By August Mau; Francis W. Kelsey | Go to book overview

CHAPTER XLV
THE VILLA RUSTICA AT BOSCOREALE

LESS than two miles north of Pompeii, near the village of Boscoreale, a farmhouse was excavated in 1893-94 on the property of Vincenzo de Prisco. In the last century similar buildings were brought to light in the vicinity of Castellammare, but they were covered up again. Especial importance attaches to this villa rustica, both on account of the extreme rarity of examples of the type and because of the character of the remains, which makes it possible to determine the arrangements with certainty.

The living rooms, the stable, and the rooms used for the making of wine and oil were all under one roof. The size of the building is not so great as might have been assumed from the variety of purposes which it served; the enclosed area, exclusive of the threshing floor, measures about 130 by 82 feet. The plan (Plan IV) is regular, the principal entrance being near the middle of the southwest side.

The entrance was wide enough for carts and wagons, which were kept in the court (A).

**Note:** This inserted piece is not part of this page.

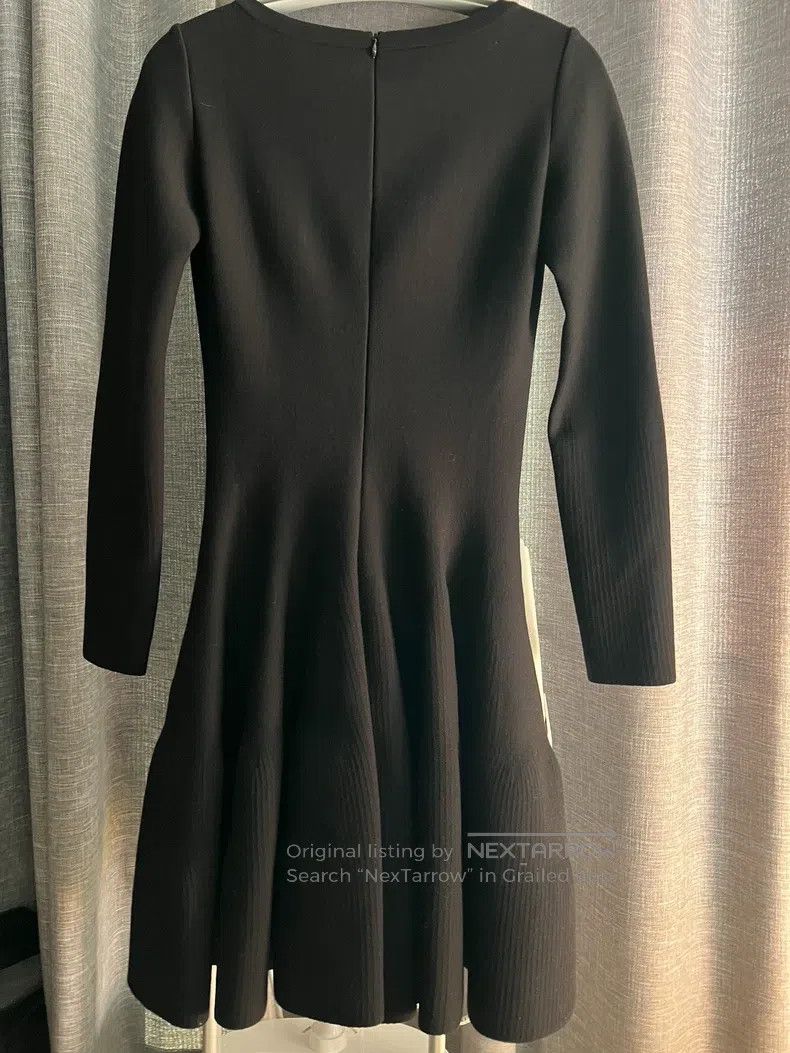 Alaia Alaia Dress Size S / US 4 / IT 40 - 2 Thumbnail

Along three sides of the court ran a colonnade, over which at the front were upper rooms; the roof on the left side and the rear rested on columns connected by a parapet. Under the colonnade at the further corner is a cistern curb (1), on one side of which is a large wash basin of masonry (2); on the other is a pillar supporting a small reservoir of lead (3). The reservoir, reached by means of steps (4), was filled from the cistern.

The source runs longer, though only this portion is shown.